Senin, 22 Mei 2017

DUGDERAN TRADISI KHAS KOTA SEMARANG MENJELANG RAMADHAN

            Beberapa hari lagi, Ramadan, bulan yang ditunggu-tunggu umat muslim tiba, dulur kota Semarang.
Bulan penuh berkah dengan diisi banyak amalan ibadah. Masjid penuh jamaah dan tak jarang tumpah hingga jalanan.
            Puasa, tadarus, pesantren kilat, berbuka bersama, dan seabrek kegiatan sosial hingga pemberian zakat fitrah sebagai puncaknya di pengujung bulan menjadi rangkaian ibadah.
Ada tradisi lokal di Semarang, dalam menyambut Bulan Berkah ini, yakni pawai Dugderan dengan ikon Warak Ngendok, yang sangat populer.
            Pawai ini sebagai ungkapan sukacita sekaligus syiar memeriahkan datangnya 1 Ramadan. Peserta pawai yang merupakan perwakilan dari sekolah, instansi pemerintah dan swasta, hingga elemen warga masyarakat selalu menyertakan Warak Ngendok ini.
            Ukurannya beragam. Ada yang kecil seukuran mainan anak-anak. Bahkan ada yang superbesar sampai bisa dijadikan tunggangan.Tubuh Warak Ngendok ini dilapisi kertas warna-warni. Saat pawai, ratusan peserta mengiringi Warak Ngendok ini sambil membawa hiasan kembang manggar. Menarik sekali.
            Sejak kapan ikon Warak Ngendok ini mulai muncul? Tak ada catatan pasti. Hanya saja, konon, tradisi Dugderan ini mulai dilaksanakan sejak era Bupati Semarang Raden Mas Tumenggung Aryo Purboningrat, pada 1881.
            Saat itu, pengumuman awal Ramadan diumumkan di Masjid Kauman dengan membunyikan beduk dan meriam berulang-ulang.

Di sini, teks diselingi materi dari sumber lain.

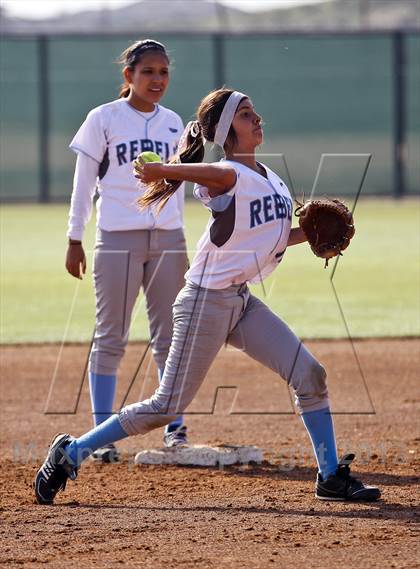 Thumbnail 2 in Kennedy vs South (Mira Monte Invitational) photogallery.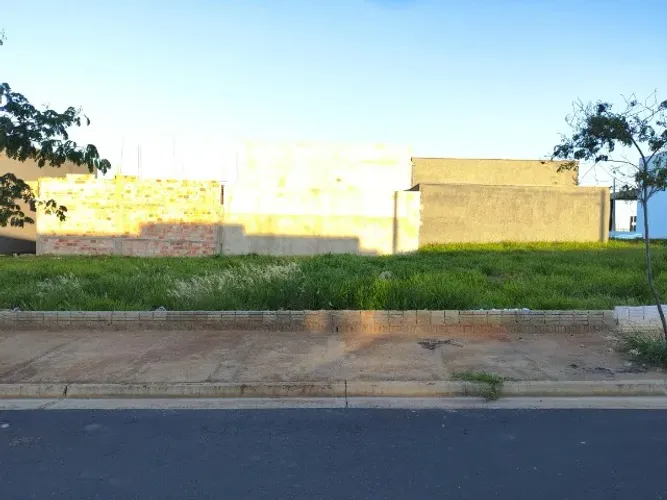 Terreno no bairro Residencial Áscolo Martin 200mts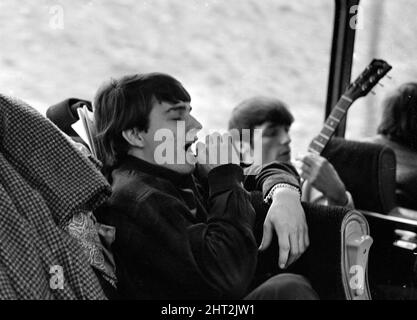 Groupe pop le FourMOST en tournée Bertie Higgins, batteur du groupe de Roeman trouve tôt le matin voyager tiring février 1965 Banque D'Images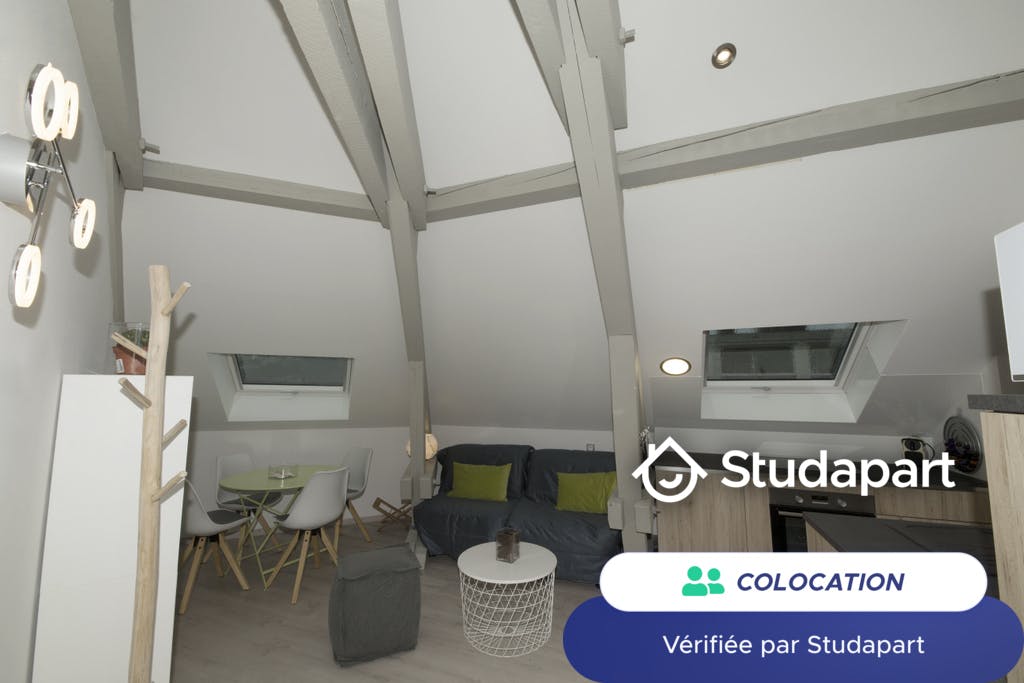 Quarto privado para alugar por € 515 por mês em Cluses, Grande Rue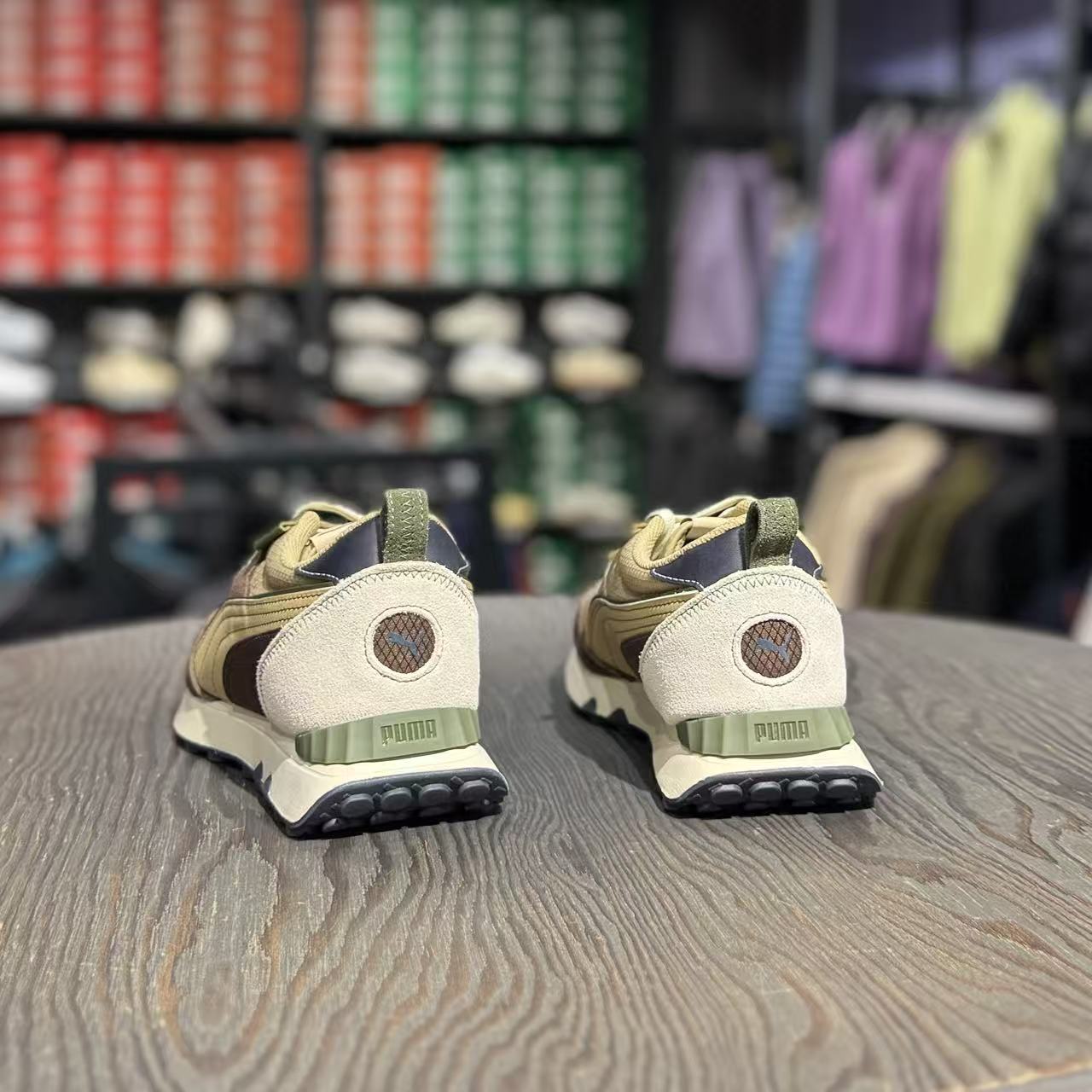 PUMA彪马复古跑步鞋男女低帮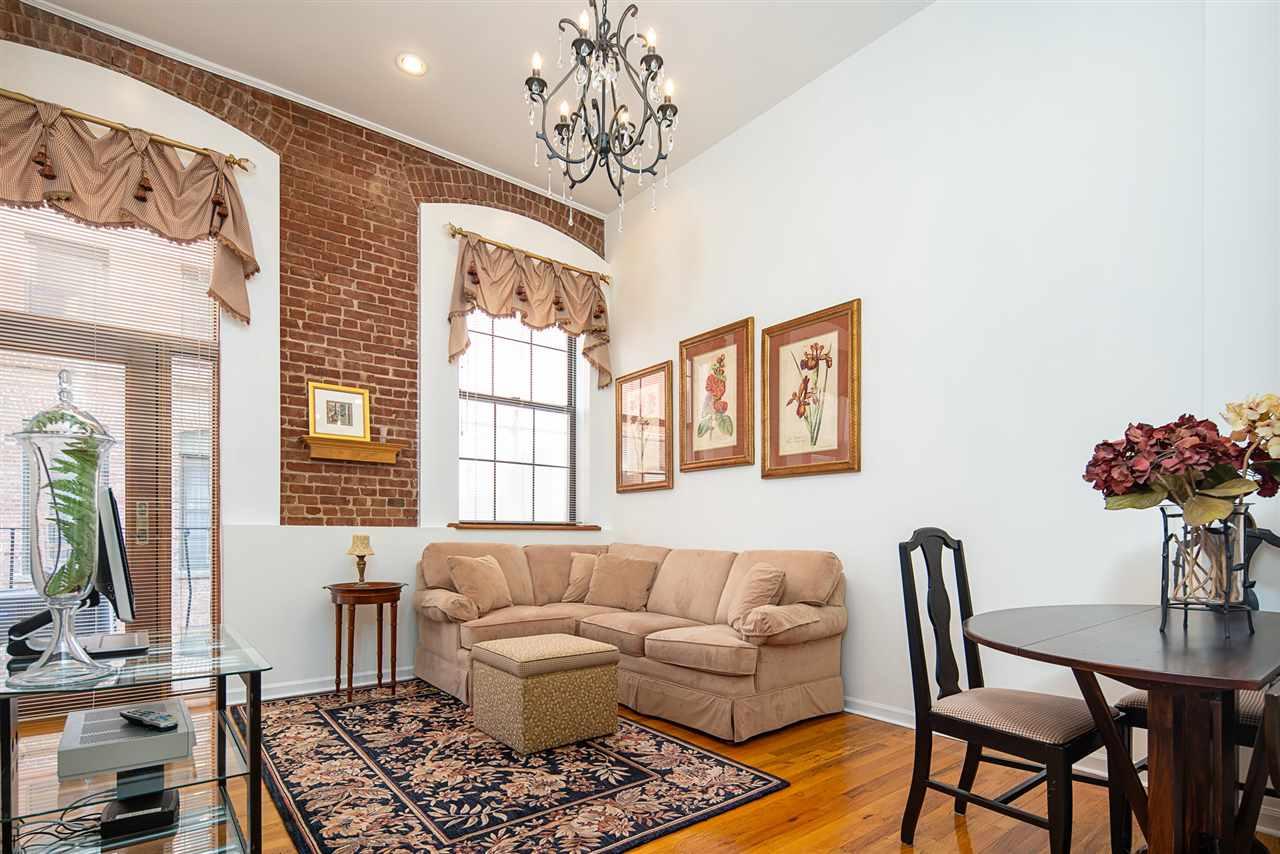 1015 Grand St - Photo 1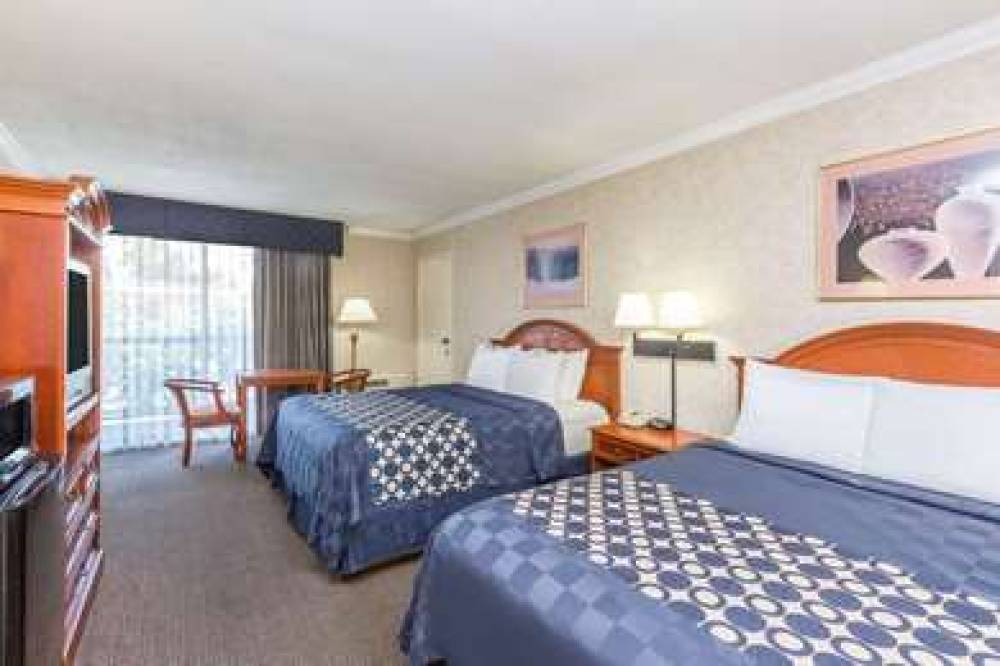 Days Inn By Wyndham Los Angeles LAX/VeniceBch/Marina DelRay 9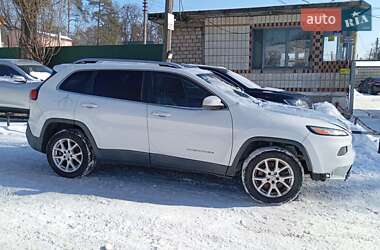 Внедорожник / Кроссовер Jeep Cherokee 2014 в Киеве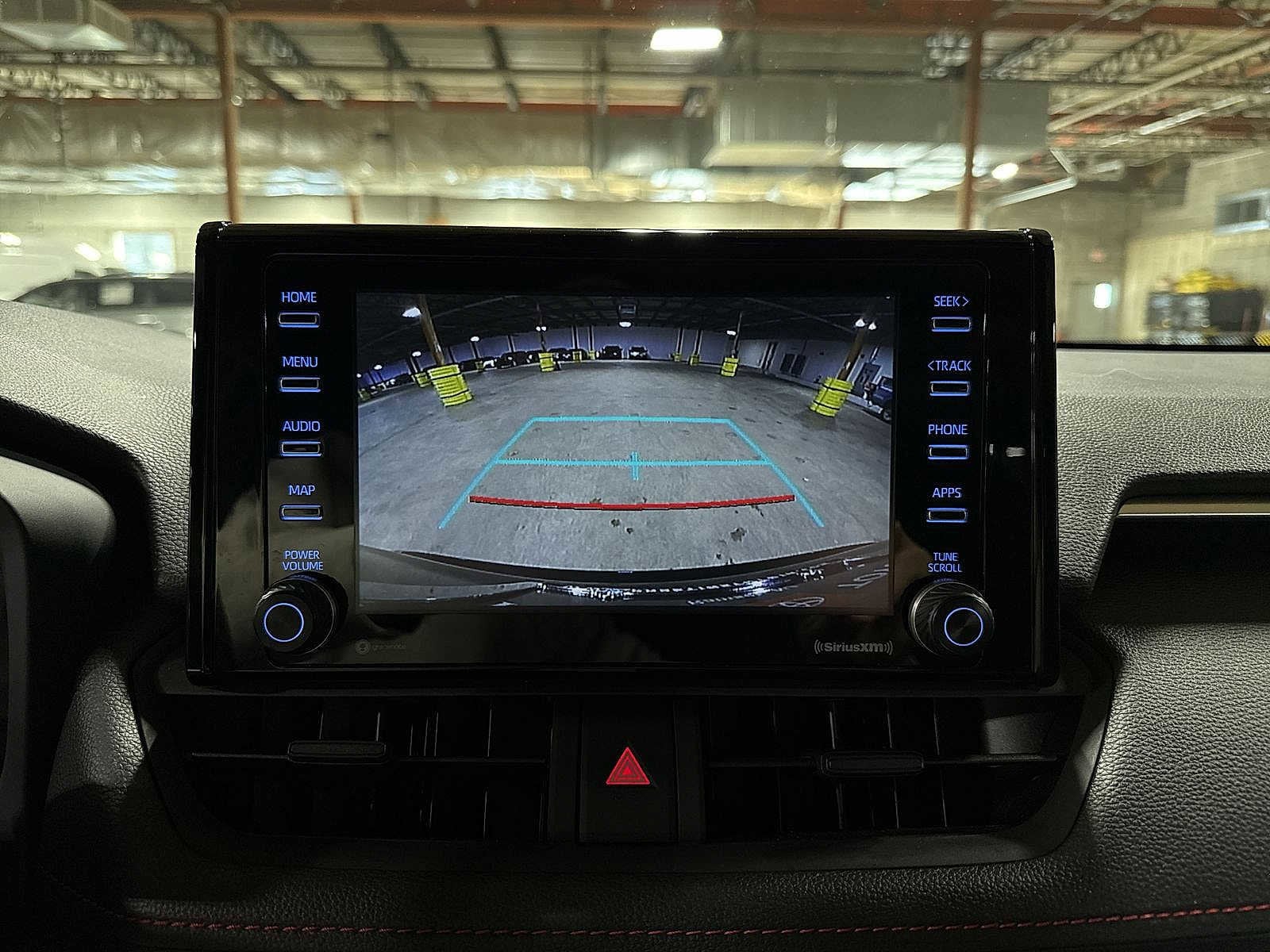 Thumbnail: 2021 Toyota RAV4 - 25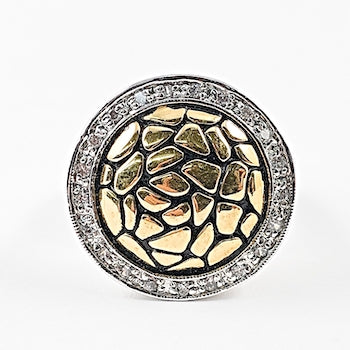 Nice Round Two Tone Shiny Textured Center Pattern Brass Ring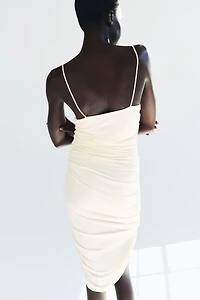 Robe à effet drapé avec bretelles fines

Hingga akhirnya, bunyi-bunyian itu menjadi nama sebuah tradisi Dugderan.
Untuk tahun ini, Pawai Dugderan akan diadakan Rabu (24/5) di Lapangan Pancasila, Simpanglima dan Kamis (25/5) di Balai Kota-Masjid Kauman-Masjid Agung Jawa Tengah.
            Keberadaan Warak Ngendog yang merupakan hewan mitos diterangkan sebagai perpaduan budaya yang berkembang di Semarang. Bentuk kepala dari Warak Ngendog ini adalah Naga, yang identik dengan budaya China. Adapun, badannya digambarkan mirip Buraq sesuai dengan budaya Arab, dan keempat kakinya adalah milik Kambing, khas kebudayaan Jawa.
            Karenanya, tidak berlebihan bila sosok imajiner Warak Ngendok ini sebagai simbol pemersatu kerukunan warga Semarang. Tentu saja, semangat persatuan seperti ini yang kita butuhkan dalam keseharian.
Berbeda latar belakang suku, agama, ras dan budaya, apalagi berbeda pendapat, bukan lagi saatnya menjadi biang perpecahan. Bila perbedaan budaya bisa melebur pada wujud warak Ngendok, maka ada pelajaran yang bisa gali.
            Dalam kehidupan saat ini, kita berharap "semangat Warak Ngendok" yang tertuang berupa perpaduan ragam budaya, silaturahim antarsesama, menjaga kerukunan, saling menghargai perbedaan termasuk sebagai ibadah sosial yang juga akan mampu mendatangkan pahala untuk kita semua.
            Kita percaya beribadah bukan semata-mata hablun min Allah (berhubungan dengan Tuhan), melainkan juga hablun min annas (berhubungan dengan sesama manusia).
Bagaimana pun keragaman sudah menjadi hal biasa. Yang tidak biasa adalah cara kita arif menyikapi keragaman tersebut.


 Sumber bisa klik DISINI

Tidak ada komentar:

Posting Komentar

DUGDERAN TRADISI KHAS KOTA SEMARANG MENJELANG RAMADHAN

            Beberapa hari lagi, Ramadan, bulan yang ditunggu-tunggu umat muslim tiba, dulur kota Semarang. Bulan penuh berkah dengan diisi ...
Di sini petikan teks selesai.